According to the analysis done by brokerage firm Zan Securities Limited, the shift in investor preference highlights a growing trend towards longer maturities, as market participants seek better yields and stability in a declining interest rate environment.
According to the auction results, BoT had offered Sh900 million for the 35-day Treasury bill, Sh1.9 billion for the 91-day Treasury bill, and Sh2.9 billion for the 182-day Treasury bill.
BoT also offered Sh102.8 billion for the 364-day Treasury bill.
While the 35-day Treasury bill was fully subscribed, demand for the 91-day and 182-day bills was nonexistent, marking the third consecutive time this year that the 182-day bill received no subscriptions.
This trend underscores investor reluctance to lock funds in short-term instruments amid an evolving market landscape.
“Demand in short-term maturities has been inconsistent, and this auction reinforces the ongoing preference for longer-term securities,” said Isaac Lubeja, Advisory and Research Manager at Zan Securities Ltd.
Managing liquidity
Meanwhile, despite significant investor interest for the 364-day Treasury bill, the BoT only accepted 31 percent of the bids received, reflecting a strategic effort to manage liquidity.

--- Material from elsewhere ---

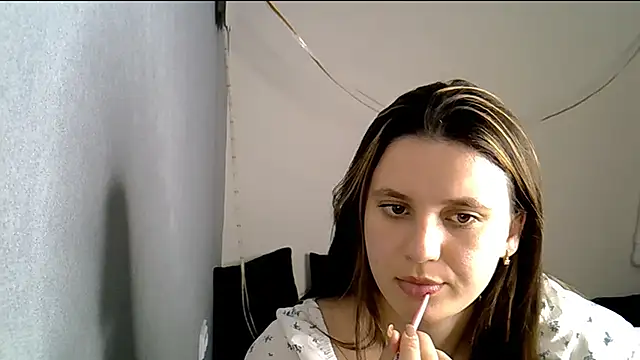 KiraHoney online show from March 24, 8:47 pm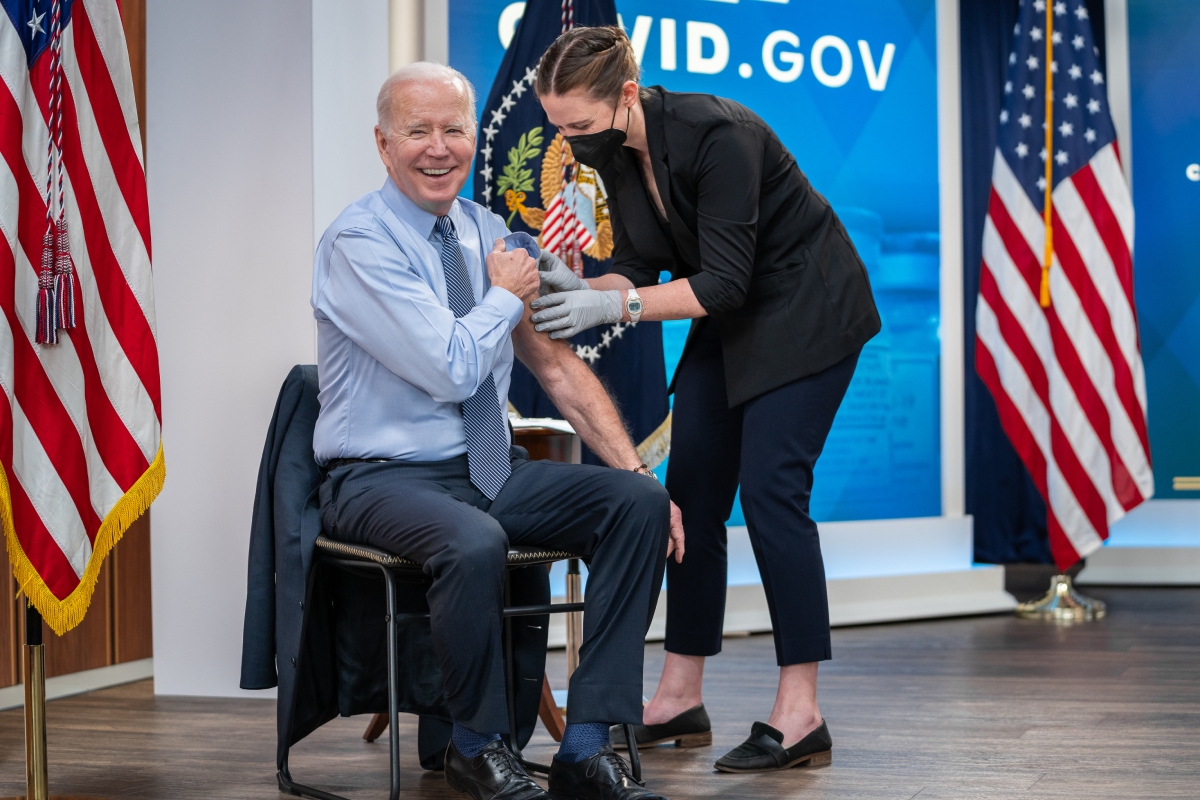 Joe Biden, presidente de Estados Unidos, vacunándose frente al covid. Foto: CASA BLANCA.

The weighted average yield for the 364-day bill dropped by 97.6 basis points, falling from 11.72 percent in the previous auction to 10.74 percent, continuing a downward trend observed since December 2024.

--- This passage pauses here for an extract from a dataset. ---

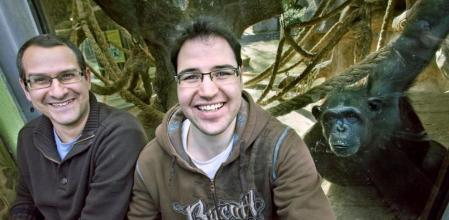 Tomás Marquès y Javier Prado, en el Zoo de Barcelona frente la jaula de los chimpancés, animales a los que dedican sus investigaciones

This decline suggests that yields are adjusting to current market conditions, with investors anticipating further rate movements.

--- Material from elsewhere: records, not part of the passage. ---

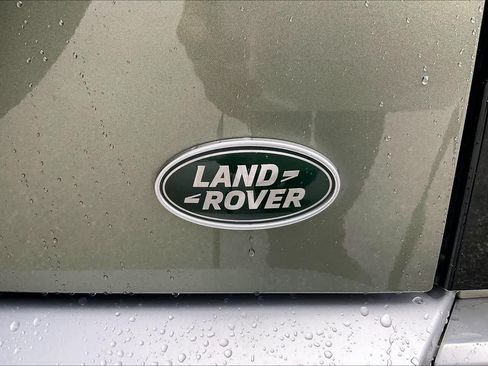 Used 2023 Land Rover Defender 110 SE AWD/4WD image 9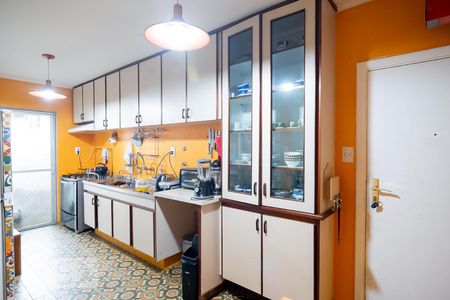 Apartamento à venda com 180m², 4 quartos e 1 vagaCozinha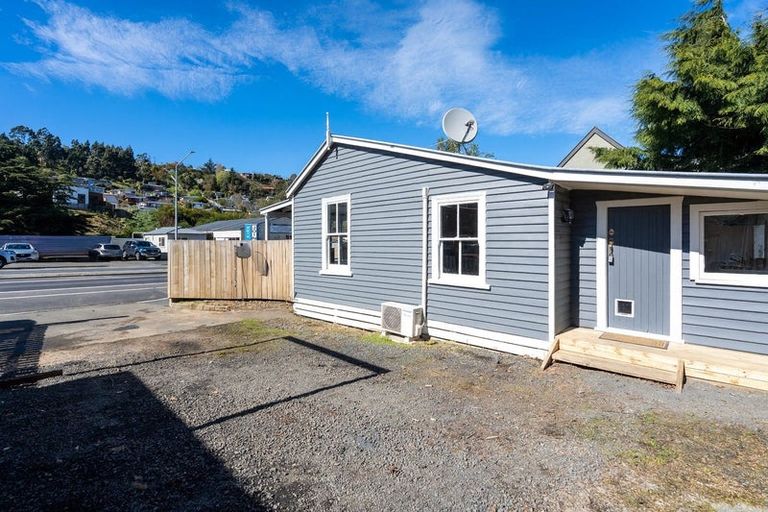 Photo of property in 396 Kaikorai Valley Road, Bradford, Dunedin, 9011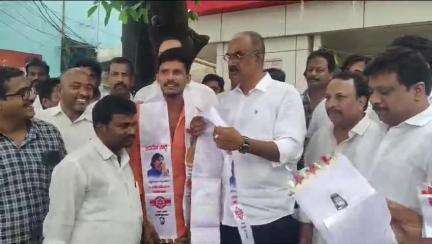 తాడేపల్లిగూడెం: ఎమ్మెల్యే బొలిశెట్టి సమక్షంలో వైయస్సార్సీపి నుండి జనసేనలో చేరిన మాధవరం గ్రామానికి చెందిన 15 కుటుంబాలు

Additionally, BoT raised the price floor for the 364-day bill from 89.44 to 90.11, signalling its commitment to controlling excess liquidity and maintaining an orderly market.
The latest inflation rate of 3.2 percent in February 2025 further supports expectations of a low-interest-rate environment.
The overall outlook according to the analysis is that the fixed-income market continues to experience shifts, particularly at the short end of the yield curve.
Since the beginning of the year, the one-year Treasury bill yield has dropped by 203 basis points, reinforcing expectations of a low-yield environment for short-term securities.
The introduction of market-determined coupon rates by BoT earlier this year has helped smooth out the yield curve, but the short end remains under pressure.
“We expect a continued downward trend in yields, particularly on the long end, as demand outpaces supply,” Lubeja explained.
“However, this is likely to stabilise in the coming months as the reopening of existing bonds increases supply in the market.”
Dar bourse performance
The Dar es Salaam Stock Exchange (DSE) experienced a 28.65 percent decline in turnover, closing at Sh6.14 billion for the week ending March 14, 2025, down from Sh8.61 billion the previous week.
Market activity was primarily driven by Tanzania Breweries Limited (TBL), which accounted for 55.34 percent of the total market turnover.
CRDB Bank contributed 22.25 percent, while NMB Bank represented 9.19 percent of the overall market turnover.
Despite the lower turnover, investors remain cautiously optimistic as the market awaits audited financial results for companies with a December 31 year-end.
“Market activity was subdued this week, with price movements recorded on only three counters,” said Lubeja.
“Investors are looking ahead to the final week of March when financial results will be released.
Strong price reactions are expected, which could push domestic market capitalisation past the Sh13 trillion mark for the first time.”